## TASK STATEMENT
Working from the records below, repeat exactly the lines starting at the line that contains "5021 Ilex Drive Property Photo 16" and ending at the line that contains "und Tama</b> <b>Ungewöhnlicher", inclusive.

## INPUT
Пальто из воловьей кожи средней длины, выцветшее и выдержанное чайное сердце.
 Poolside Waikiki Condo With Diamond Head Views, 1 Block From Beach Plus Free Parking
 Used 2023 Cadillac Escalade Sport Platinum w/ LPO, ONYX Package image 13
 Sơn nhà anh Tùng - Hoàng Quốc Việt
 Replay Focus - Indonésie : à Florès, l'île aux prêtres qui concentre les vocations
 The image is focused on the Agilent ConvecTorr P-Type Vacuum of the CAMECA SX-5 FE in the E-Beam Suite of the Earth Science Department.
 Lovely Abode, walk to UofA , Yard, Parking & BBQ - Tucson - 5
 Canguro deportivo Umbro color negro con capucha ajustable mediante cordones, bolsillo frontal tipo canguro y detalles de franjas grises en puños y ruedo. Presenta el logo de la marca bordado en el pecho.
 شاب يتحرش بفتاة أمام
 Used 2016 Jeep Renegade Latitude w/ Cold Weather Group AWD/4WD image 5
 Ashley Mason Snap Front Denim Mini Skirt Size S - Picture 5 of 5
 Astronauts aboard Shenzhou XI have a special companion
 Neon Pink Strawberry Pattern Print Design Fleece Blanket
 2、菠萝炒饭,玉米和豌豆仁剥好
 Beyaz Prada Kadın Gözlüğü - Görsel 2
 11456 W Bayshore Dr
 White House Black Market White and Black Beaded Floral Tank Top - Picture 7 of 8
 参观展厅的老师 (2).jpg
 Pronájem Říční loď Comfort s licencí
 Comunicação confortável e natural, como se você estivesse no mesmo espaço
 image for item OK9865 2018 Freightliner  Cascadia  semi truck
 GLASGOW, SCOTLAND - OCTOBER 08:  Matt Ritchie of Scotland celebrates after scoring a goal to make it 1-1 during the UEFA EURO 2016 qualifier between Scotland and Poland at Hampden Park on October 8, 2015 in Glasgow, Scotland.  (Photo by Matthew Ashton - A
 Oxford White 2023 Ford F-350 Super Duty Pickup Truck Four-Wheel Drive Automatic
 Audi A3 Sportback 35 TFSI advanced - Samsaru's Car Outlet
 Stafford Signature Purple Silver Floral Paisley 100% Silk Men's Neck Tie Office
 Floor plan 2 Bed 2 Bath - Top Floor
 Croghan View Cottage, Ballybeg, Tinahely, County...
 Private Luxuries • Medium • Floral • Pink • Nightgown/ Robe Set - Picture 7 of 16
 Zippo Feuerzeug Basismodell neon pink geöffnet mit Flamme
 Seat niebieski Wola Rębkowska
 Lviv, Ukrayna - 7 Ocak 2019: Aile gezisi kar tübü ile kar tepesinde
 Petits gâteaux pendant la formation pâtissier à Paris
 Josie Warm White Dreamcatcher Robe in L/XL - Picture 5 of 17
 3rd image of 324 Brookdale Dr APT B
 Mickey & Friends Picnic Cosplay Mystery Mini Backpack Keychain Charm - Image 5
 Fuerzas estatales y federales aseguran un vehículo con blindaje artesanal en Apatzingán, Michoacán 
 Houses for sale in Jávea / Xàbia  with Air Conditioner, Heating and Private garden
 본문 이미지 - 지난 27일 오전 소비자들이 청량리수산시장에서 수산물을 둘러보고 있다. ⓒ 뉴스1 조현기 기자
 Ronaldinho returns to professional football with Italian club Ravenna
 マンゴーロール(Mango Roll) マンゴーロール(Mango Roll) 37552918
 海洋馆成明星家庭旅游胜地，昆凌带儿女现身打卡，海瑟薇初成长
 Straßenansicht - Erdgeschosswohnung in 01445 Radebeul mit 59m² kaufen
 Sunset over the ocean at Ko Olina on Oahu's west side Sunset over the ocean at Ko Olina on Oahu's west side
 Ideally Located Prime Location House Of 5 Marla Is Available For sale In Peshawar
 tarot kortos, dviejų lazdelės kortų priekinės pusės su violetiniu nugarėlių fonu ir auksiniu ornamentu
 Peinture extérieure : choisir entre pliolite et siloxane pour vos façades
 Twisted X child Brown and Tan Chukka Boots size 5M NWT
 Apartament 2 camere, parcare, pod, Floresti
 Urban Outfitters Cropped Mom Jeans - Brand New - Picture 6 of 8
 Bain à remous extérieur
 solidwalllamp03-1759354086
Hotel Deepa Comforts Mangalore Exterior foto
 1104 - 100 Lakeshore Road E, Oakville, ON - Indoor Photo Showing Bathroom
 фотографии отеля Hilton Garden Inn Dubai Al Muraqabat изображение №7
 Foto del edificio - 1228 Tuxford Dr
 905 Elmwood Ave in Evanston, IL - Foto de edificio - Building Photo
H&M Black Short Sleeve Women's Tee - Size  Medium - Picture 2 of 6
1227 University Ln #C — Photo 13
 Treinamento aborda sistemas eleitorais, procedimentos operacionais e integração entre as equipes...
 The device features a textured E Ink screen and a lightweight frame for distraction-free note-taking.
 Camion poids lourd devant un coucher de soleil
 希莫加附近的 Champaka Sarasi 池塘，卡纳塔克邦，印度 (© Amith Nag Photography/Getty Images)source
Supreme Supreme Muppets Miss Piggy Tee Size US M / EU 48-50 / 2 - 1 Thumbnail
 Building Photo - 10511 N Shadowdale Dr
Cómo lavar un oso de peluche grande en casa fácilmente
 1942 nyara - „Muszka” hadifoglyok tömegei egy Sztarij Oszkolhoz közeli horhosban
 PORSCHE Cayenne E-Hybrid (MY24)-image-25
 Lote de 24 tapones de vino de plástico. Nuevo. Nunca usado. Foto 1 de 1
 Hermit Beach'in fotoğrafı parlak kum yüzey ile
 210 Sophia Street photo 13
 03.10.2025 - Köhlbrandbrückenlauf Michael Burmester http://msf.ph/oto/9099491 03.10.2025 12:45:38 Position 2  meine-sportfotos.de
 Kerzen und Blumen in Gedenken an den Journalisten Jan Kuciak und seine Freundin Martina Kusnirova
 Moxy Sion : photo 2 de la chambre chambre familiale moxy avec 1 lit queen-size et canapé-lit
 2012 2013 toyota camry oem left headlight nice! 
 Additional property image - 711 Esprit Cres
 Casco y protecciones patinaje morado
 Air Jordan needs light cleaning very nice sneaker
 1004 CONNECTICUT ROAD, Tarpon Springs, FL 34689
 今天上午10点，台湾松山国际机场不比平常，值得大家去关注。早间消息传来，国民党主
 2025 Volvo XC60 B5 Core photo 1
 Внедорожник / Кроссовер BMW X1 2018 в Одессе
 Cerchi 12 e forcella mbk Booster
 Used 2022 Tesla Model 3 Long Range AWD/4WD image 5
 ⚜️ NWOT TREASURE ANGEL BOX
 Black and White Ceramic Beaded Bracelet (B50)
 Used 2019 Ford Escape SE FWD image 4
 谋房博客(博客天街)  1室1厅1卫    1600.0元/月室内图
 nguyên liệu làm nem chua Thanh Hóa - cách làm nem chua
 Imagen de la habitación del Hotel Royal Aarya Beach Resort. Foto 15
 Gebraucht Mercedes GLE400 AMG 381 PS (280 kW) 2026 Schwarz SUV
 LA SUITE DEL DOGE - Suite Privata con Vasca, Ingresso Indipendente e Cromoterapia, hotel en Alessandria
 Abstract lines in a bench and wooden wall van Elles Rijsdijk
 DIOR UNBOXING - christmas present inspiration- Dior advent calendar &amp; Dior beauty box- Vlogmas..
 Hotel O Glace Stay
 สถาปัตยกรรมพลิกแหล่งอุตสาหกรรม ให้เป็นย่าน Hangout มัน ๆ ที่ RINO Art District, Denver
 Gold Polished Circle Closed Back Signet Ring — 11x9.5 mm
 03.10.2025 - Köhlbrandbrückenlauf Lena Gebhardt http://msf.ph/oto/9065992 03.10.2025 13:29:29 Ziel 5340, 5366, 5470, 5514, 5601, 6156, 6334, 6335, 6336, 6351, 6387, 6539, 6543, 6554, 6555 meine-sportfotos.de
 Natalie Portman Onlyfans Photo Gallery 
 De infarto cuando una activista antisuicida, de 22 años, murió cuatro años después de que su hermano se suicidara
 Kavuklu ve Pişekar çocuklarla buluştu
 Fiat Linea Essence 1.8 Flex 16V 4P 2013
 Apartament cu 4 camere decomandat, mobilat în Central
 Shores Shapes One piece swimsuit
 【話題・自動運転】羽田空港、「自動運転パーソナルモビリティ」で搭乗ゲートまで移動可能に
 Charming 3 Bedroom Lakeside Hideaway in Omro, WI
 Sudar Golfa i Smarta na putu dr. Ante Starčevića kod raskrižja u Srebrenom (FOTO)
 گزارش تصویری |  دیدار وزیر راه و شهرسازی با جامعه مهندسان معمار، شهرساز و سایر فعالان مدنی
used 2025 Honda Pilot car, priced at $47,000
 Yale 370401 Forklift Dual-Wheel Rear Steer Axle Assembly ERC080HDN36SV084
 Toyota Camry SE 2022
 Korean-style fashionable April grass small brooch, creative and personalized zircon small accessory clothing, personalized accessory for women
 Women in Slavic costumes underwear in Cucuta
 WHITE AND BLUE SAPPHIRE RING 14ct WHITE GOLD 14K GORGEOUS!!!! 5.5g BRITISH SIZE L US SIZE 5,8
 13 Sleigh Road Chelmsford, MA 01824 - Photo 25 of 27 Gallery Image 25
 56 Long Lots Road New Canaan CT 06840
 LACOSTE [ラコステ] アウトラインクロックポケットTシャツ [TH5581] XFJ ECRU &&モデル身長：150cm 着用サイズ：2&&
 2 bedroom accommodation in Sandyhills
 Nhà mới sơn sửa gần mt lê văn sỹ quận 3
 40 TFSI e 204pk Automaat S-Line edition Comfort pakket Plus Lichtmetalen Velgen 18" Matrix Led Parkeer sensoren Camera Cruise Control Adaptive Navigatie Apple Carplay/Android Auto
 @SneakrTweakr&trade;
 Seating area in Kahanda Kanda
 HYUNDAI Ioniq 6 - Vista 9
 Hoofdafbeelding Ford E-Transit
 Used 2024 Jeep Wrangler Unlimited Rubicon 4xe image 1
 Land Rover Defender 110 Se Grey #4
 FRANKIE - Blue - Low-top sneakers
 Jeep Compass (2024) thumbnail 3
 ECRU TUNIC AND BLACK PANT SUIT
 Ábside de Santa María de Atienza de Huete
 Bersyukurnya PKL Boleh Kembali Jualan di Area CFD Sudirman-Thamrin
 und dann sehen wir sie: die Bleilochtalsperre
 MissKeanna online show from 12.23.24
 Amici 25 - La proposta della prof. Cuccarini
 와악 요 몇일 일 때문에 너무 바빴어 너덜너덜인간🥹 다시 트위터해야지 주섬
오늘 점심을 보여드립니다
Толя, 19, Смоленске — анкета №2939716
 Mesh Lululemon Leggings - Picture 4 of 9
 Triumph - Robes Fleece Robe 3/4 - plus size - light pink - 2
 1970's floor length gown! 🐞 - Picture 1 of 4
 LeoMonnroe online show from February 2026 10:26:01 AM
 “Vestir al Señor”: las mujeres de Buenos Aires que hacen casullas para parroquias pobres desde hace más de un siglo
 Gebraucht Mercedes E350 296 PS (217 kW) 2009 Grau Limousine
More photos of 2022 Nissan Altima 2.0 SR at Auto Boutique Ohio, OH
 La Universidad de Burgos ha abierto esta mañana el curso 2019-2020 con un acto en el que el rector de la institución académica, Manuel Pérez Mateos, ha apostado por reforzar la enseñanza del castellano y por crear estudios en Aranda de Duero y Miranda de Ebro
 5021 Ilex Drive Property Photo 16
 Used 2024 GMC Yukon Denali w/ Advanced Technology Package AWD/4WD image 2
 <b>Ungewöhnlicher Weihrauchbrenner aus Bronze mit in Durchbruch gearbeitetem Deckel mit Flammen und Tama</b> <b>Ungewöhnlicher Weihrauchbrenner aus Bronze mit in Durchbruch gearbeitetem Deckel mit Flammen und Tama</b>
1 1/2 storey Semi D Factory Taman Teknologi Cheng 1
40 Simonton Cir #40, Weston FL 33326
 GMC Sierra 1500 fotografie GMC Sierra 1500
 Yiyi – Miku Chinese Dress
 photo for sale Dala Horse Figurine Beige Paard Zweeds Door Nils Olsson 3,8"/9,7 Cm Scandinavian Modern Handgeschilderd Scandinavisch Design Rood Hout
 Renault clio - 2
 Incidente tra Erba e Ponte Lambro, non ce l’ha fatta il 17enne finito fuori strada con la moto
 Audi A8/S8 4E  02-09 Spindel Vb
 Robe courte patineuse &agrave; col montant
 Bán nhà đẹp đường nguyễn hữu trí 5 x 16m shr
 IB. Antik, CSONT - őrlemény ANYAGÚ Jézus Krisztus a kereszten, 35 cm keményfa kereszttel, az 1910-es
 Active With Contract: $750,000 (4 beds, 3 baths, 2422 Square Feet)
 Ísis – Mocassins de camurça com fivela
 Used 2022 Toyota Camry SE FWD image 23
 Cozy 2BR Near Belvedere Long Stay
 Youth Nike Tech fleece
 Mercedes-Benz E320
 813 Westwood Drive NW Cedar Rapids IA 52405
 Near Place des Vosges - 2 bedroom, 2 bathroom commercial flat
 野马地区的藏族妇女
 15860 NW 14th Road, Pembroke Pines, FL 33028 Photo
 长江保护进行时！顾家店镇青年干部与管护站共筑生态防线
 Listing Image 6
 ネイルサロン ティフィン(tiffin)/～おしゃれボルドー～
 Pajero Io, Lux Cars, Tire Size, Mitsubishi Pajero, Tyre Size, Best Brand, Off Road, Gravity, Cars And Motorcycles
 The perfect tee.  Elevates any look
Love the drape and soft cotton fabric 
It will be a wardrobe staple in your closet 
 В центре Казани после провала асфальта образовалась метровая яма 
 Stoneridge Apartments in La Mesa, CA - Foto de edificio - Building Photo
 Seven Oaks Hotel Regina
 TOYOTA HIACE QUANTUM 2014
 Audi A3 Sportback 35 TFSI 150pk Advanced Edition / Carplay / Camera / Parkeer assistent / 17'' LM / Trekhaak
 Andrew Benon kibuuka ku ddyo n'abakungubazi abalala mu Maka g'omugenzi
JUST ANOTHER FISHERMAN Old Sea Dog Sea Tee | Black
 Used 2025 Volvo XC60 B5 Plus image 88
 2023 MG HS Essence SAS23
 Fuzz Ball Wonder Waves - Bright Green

## SOLVED EXERCISE
 5021 Ilex Drive Property Photo 16
 Used 2024 GMC Yukon Denali w/ Advanced Technology Package AWD/4WD image 2
 <b>Ungewöhnlicher Weihrauchbrenner aus Bronze mit in Durchbruch gearbeitetem Deckel mit Flammen und Tama</b> <b>Ungewöhnlicher Weihrauchbrenner aus Bronze mit in Durchbruch gearbeitetem Deckel mit Flammen und Tama</b>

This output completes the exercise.